Burma - Charm Tong

I am Charm Tong. I was born in the Shan State, in northeastern Burma, where civil war and oppression by the Burmese military regime has been continuing for over half a century. I’m only one of hundreds of thousands of Shan refugees who have fled to Thailand. I have been living in a refugee community on the Thai-Burma border since I was six years old.

As a Shan refugee, I have witnessed and experienced the suffering of the Shan. I began working on human rights and advocating on behalf of Shan refugees when I was 16.

Since 1996, following a massive forced relocation program by the Burmese military regime, the rural areas of the central and southern Shan State have become completely depopulated. 300,000 villagers from 1,400 villages were forced from their homes at gunpoint. People found hiding were shot on sight, tortured or raped. Yet, the Shan villagers in exile in Thailand are not recognized as refugees by UNHCR and do not receive protection or support for their basic needs. Many have been forced to subsist as illegal migrant workers, with limited access to health care, education, and legal employment. Women are vulnerable to sex trafficking. All risk forced deportation or detention by the Thai authorities.

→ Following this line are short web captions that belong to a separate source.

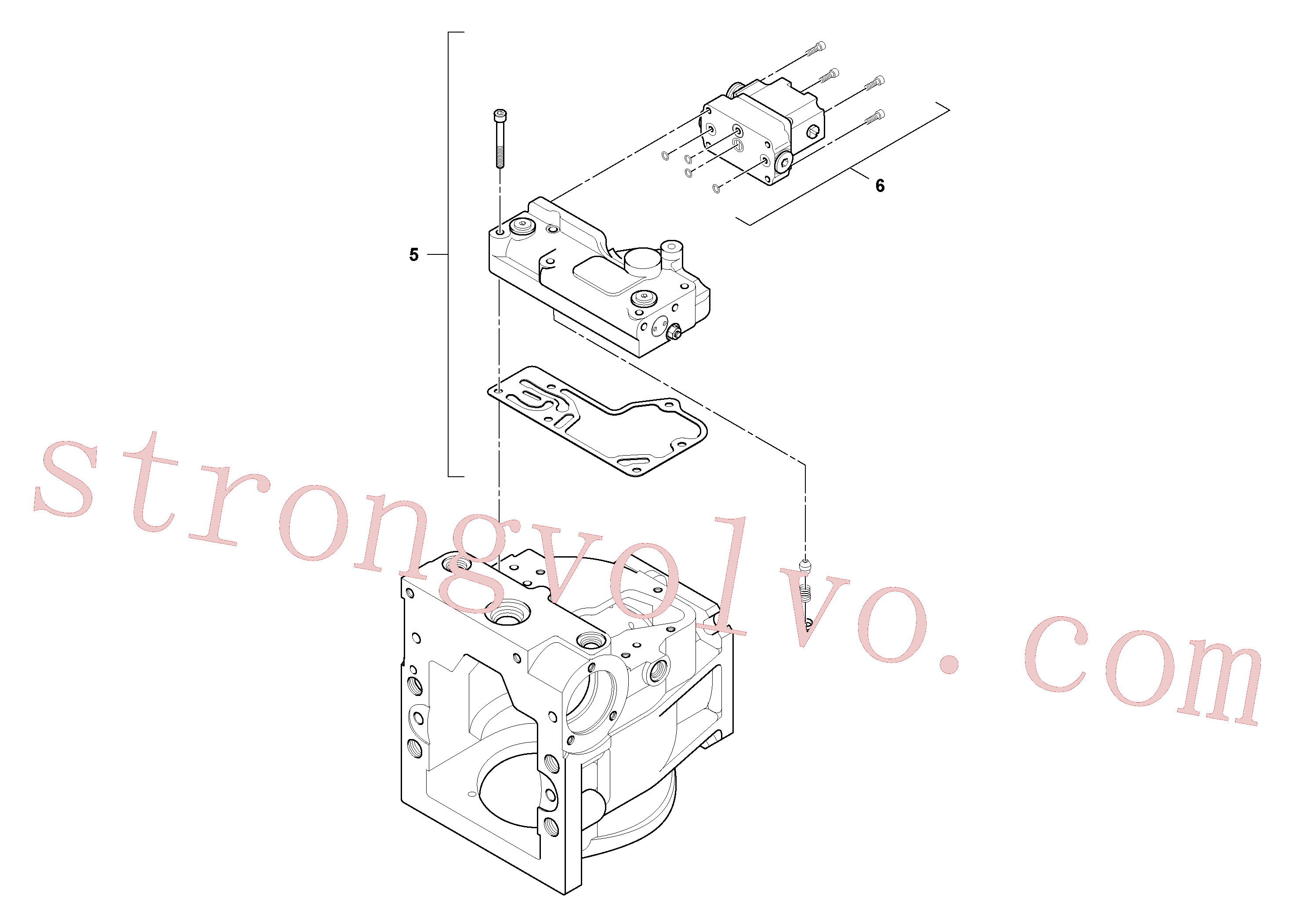 RM13481981 Volvo Bomba hidráulica(1044618 Montagem)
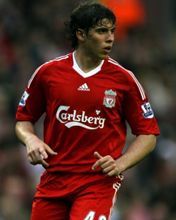 Hráč Liverpool FC v Akci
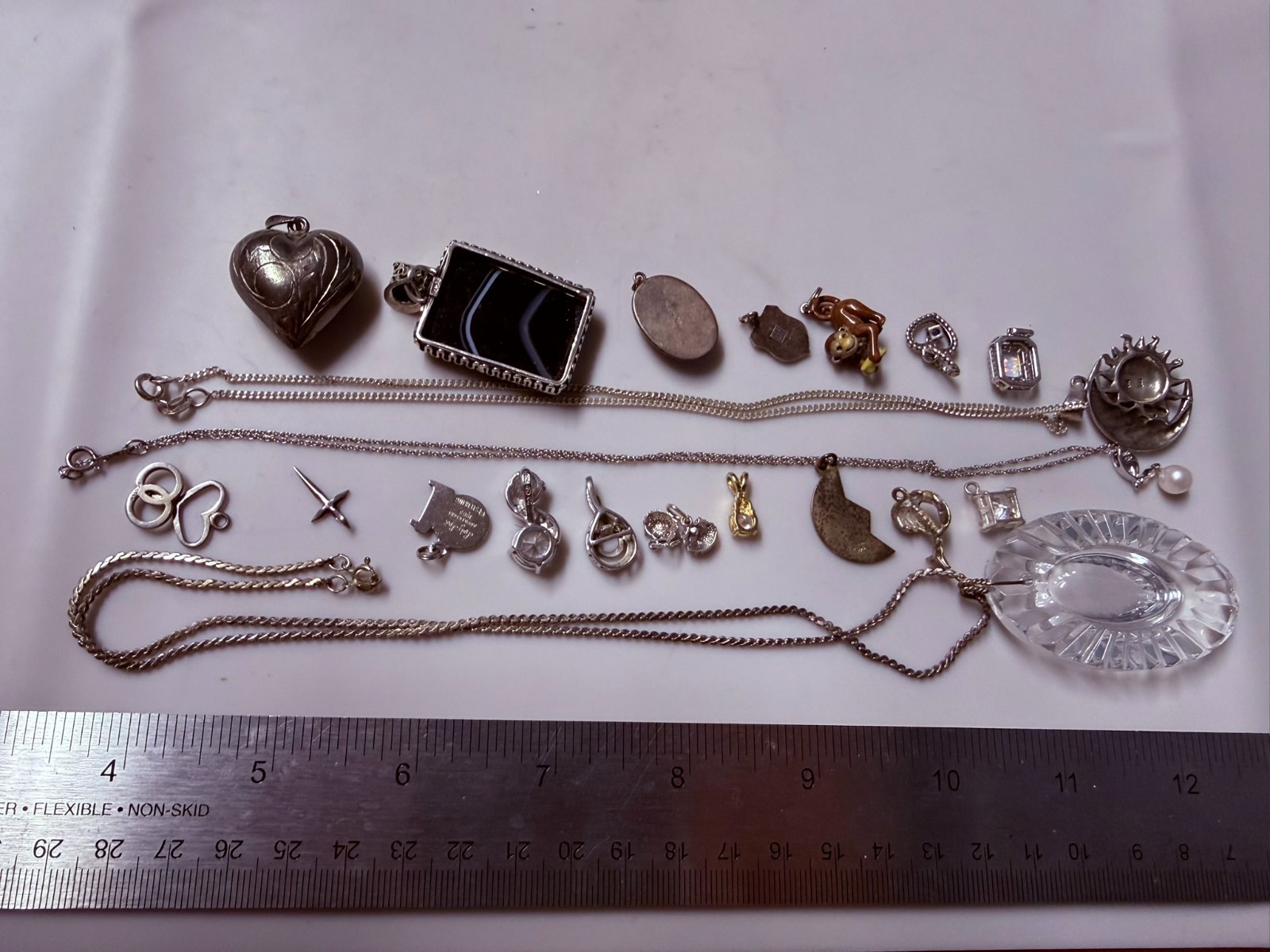 Collection Lot Amazing Vintage and Modern Sterling Silver Pendants #Decor – W8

The military regime continues to build up its army in the ethnic communities of Burma, and the troops continue to commit widespread human rights violations against the ethnic peoples, including forced labour, land confiscation, extortion, extrajudicial killing, torture and rape. Political repression is also worsening. Earlier this year 30 Shan opposition leaders inside Burma were arrested. Those leaders included Hkun Htun Oo, chairman of the Shan Nationalities League for Democracy (SNLD) which won the highest number of seats in Shan State in the 1990 election. He remains in prison today. These arrests are a clear sign that the regime is becoming increasingly intolerant of any political dissent, and is ruling out any possibility of a peaceful negotiated settlement, not only with Daw Aung San Suu Kyi and her party, but also with the elected representatives of the ethnic peoples in Burma.

As a result of the lack of recognition of Shan refugees, and the general intolerance of Thai authorities towards Burmese activists, I have faced many limitations and threats in working to promote the education of youth from Shan State. I have been able to make public appearances at international level, but I have often not been able to do this in Thailand, as I have to be careful not to anger the Thai authorities, who are worried about upsetting the Burmese military regime.

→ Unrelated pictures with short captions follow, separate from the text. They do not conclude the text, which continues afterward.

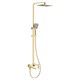 Душевая система с тропическим душем D&C Domincare DC01124BG матовое золото DC01124BG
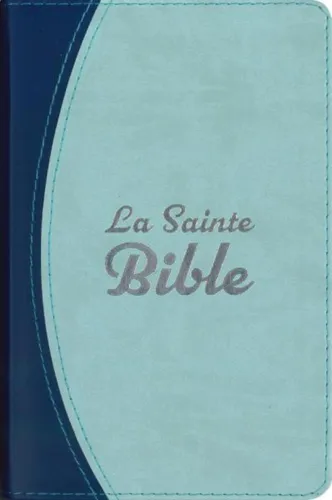 Bible Segond 1910 - de poche - duo bleu - couverture souple - tranche argent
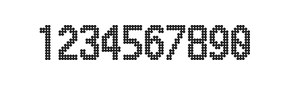 7×13数字点阵字体 ddN713BA1396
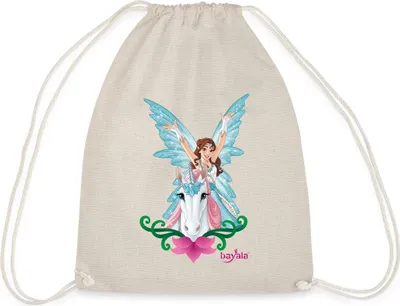 Produktbild von Spreadshirt Schleich Bayala Elfe Eyela auf Einhorn Turnbeutel, One size, Natur
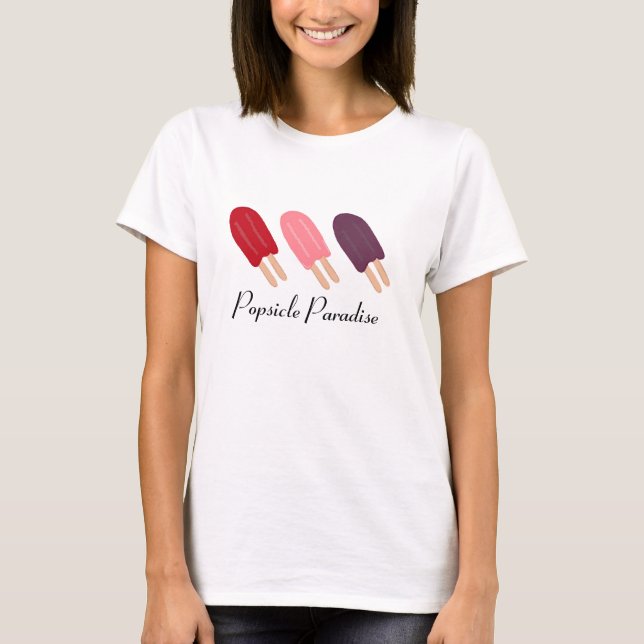 Camiseta Paraíso de Popsicle (Anverso)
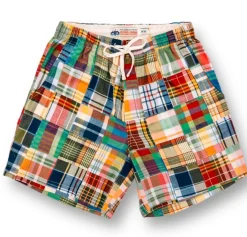 Outlet Kiel James Patrick Montauk Drawstring Madras Shorts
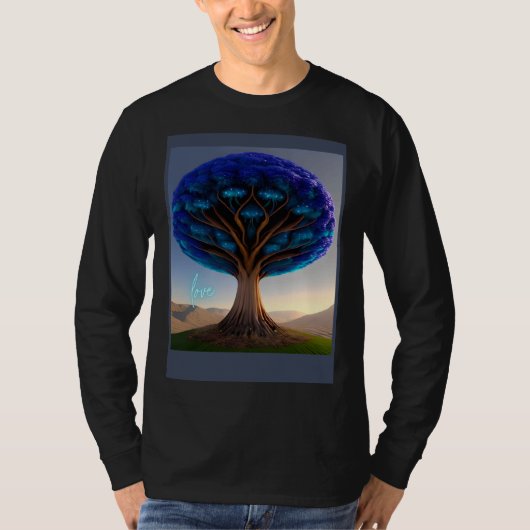 Beautiful Vibrant Tree Nature s Beauty  5 T-shirt (Voorkant)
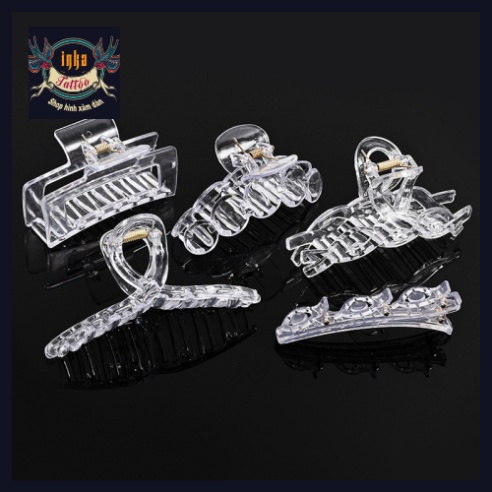 Kẹp càng cua, cặp tóc trơn, vật liệu handmade tự làm kẹp tóc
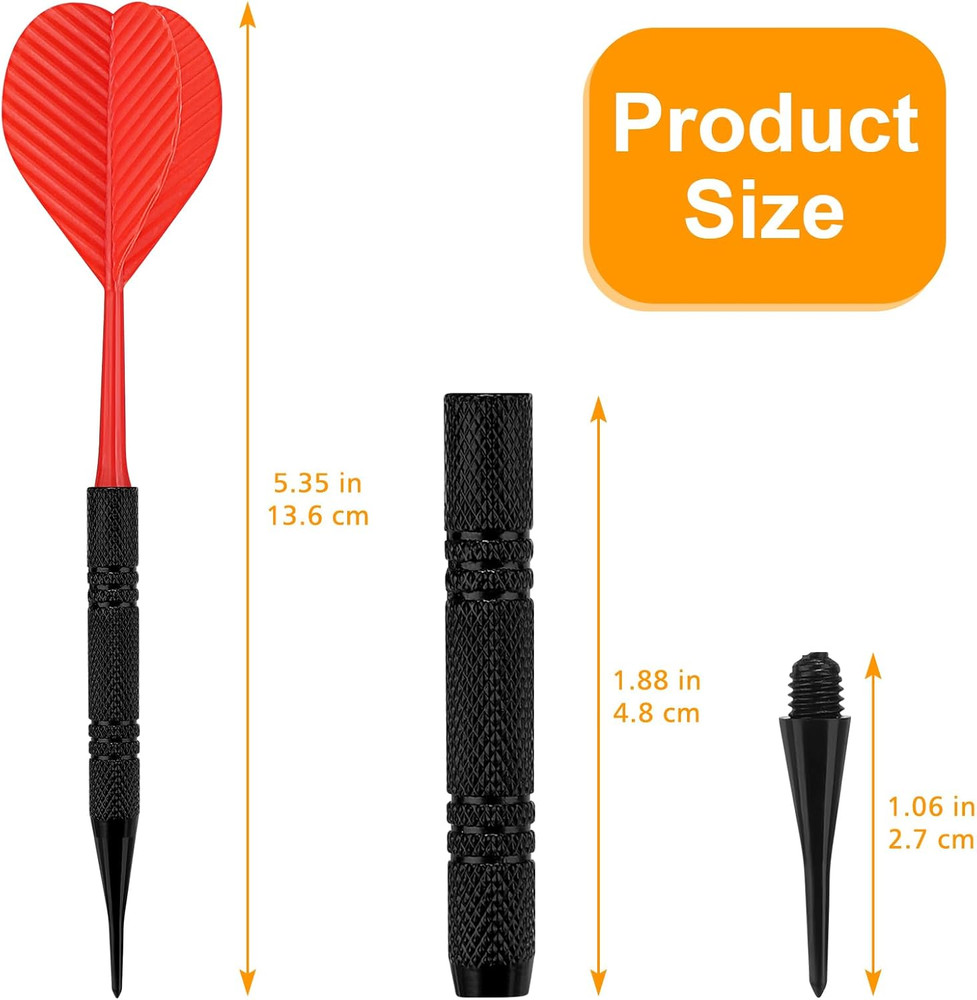Soft Tip Darts, Bar Dart, Plastic Tip Darts Set, Attach Extra 100 Black 2BA Repl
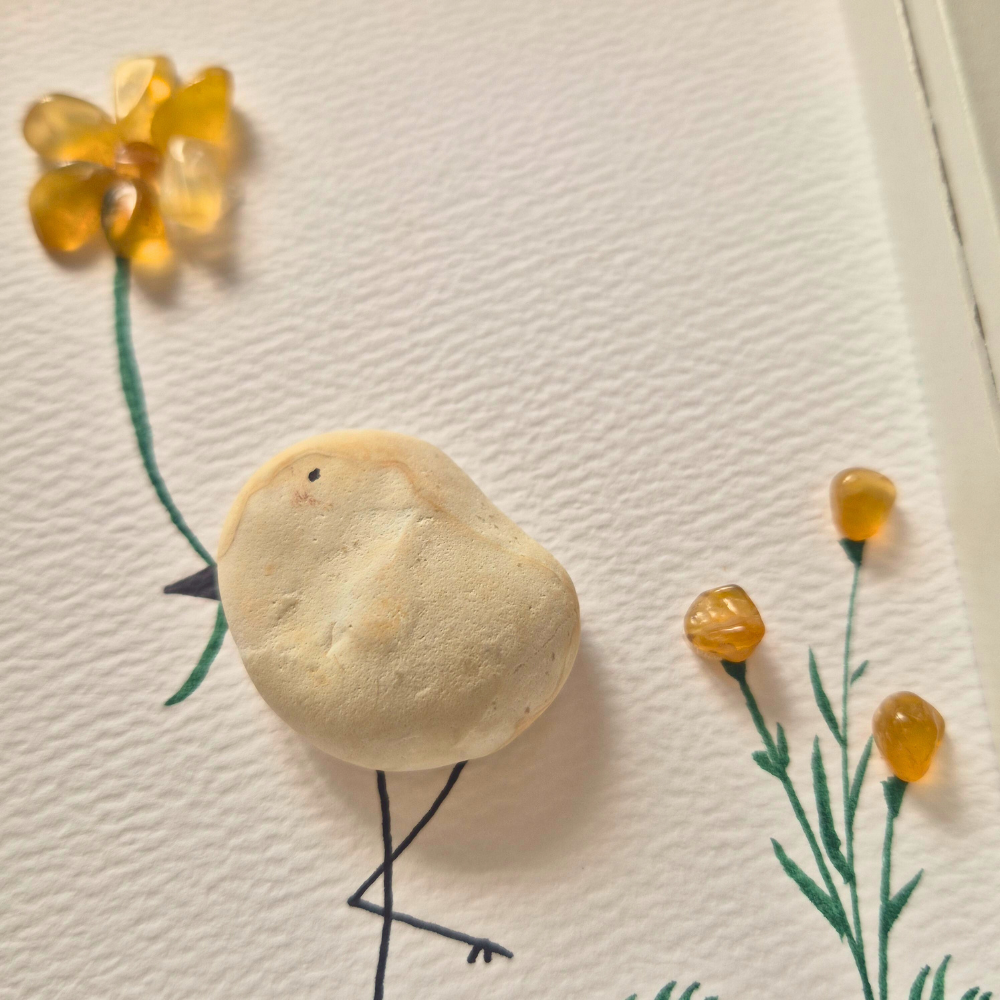 מתנות מקוריות בעבודת יד, תמונה מאבנים, מתנה מיוחדת לאישה, אומנות אבנים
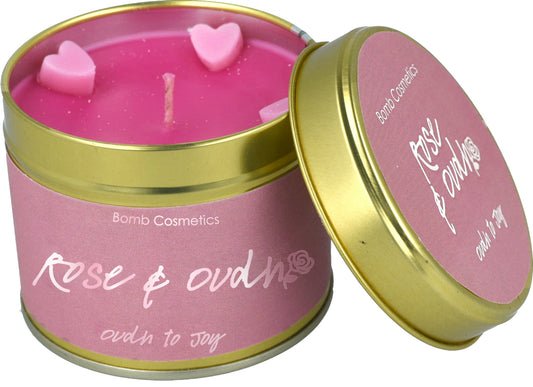 Bomb Cosmetics Rose & Oudh Tin Candle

In March 1999, with other Shan refugee women, we founded a formal network, the Shan Women's Action Network (SWAN), to address the practical needs of Shan women and children, and to advocate for greater protection. Through action-oriented research-papers and reports, SWAN has been monitoring, documenting, exposing and advocating against ongoing systematic human rights violations by the Burmese military regime, including state-violence against women.

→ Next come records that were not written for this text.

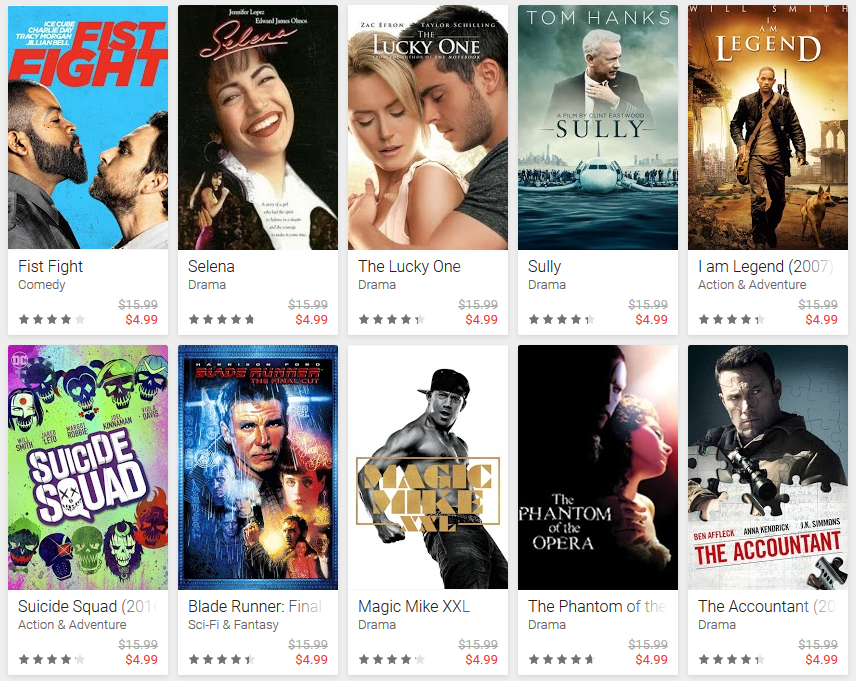 Google Play is stripped of movie and TV show sales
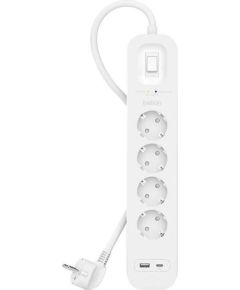 Belkin SRB001VF2M surge protector White 4 AC outlet(s) 2 m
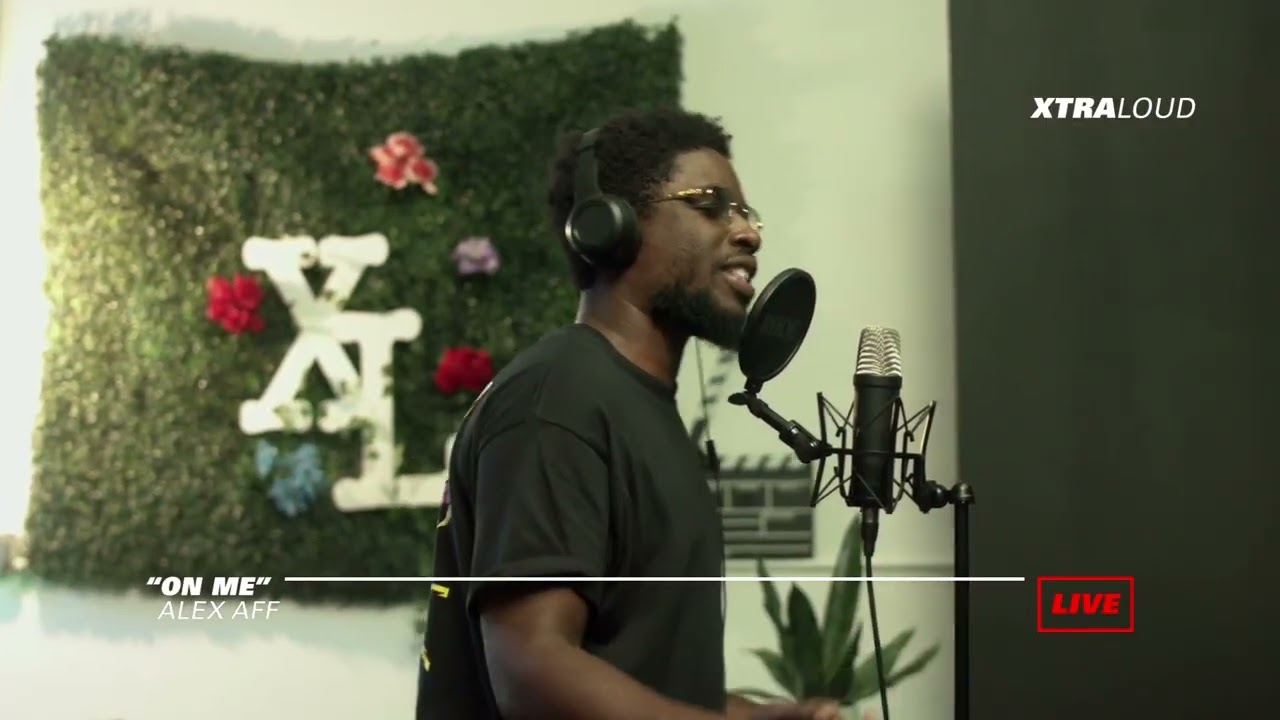 Alex Aff - On Me (Live Studio Performance) | @wextraloud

In 2002, SWAN and the Shan Human Rights Foundation released a report, “Licence to Rape”, which documented 173 incidents of sexual violence, involving 625 girls and women, committed by Burmese army troops in the Shan State, between 1996 and 2001. The report triggered an international outcry. At the same time, the Burmese state-run media began publicly denouncing the report and attacking the authors, accusing them of being terrorists and drug-traffickers.

Rumours were circulated and anonymous e-mails were sent to SWAN members stating that a price had been put on their heads, and a gunman hired to assassinate them.

Like the many other activist organisations from Burma based along the Thai-Burma border, SWAN has relied on tolerance from the Thai authorities to survive. The Thai authorities declared that the publicity generated by the report was "obstructing relations between the Thai and Burmese governments". The Thai authorities ordered SWAN to close in September 2003. Today, SWAN has been forced “underground”, and cannot operate openly. The SWAN centre has had to relocate several times. Staff keep a very low profile. SWAN members, many of whom lack legal status in Thailand, live in fear of raids by the Thai authorities, and of deportation back to Burma.